In the name of God, the most merciful, the most gracious.
It was a cloudy day in the holy month. The home was a bit quiet, with the resident inside took a nap. I was in my room (well, now it turns into a warehouse) alone with nothing to do. I took my new colorful pens and played with them. Then I started thinking and contemplating. I saw my dream list which I wrote in Google Docs and I reflected where I stood. I realized, I should rearranged my future plan and I had to start conditioning my self to achieve them. Then I was back to my colorful pens and a sheet of paper. I was doodling the paper.

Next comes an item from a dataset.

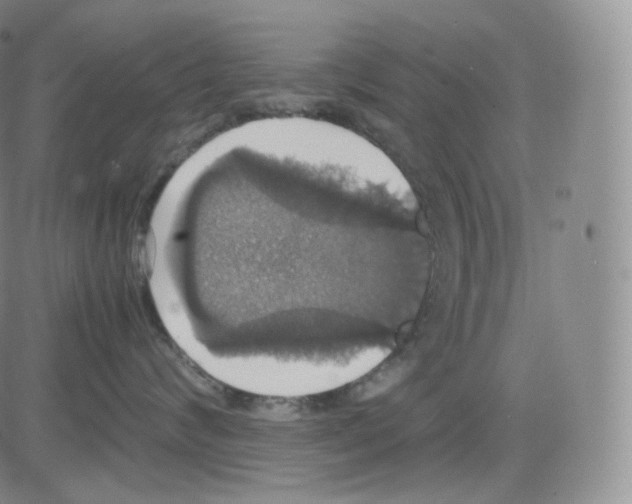 X0000082690624200702232206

Mr. Sun seemed so shy on that day. He was not showing his self as usual even in this “hot” town. The home was still quiet, no one had woken up from a nap. That Sunday afternoon with every one was fasting, taking a nap was a good choice. In a room, I was still absorbed with my paper. I wrote the timeline of my future, what I wanted to be when I turned into 25, 30, until 52. I vomited anything, about my dream. I wrote that I wanted to go to Europe, get married, have children, make books, build a school, and everything.
It was the 6th day of Ramadhan in 2013. I only could plan, do, and pray. So I was down on my knees and then I prayed, for the best God’s plan for my self, for my dream, for my future. I had planned how my self would be and I would do my best. For anything that I would face some day, it’s all God’s matter.
Allah, make them easy for me if they were good for me.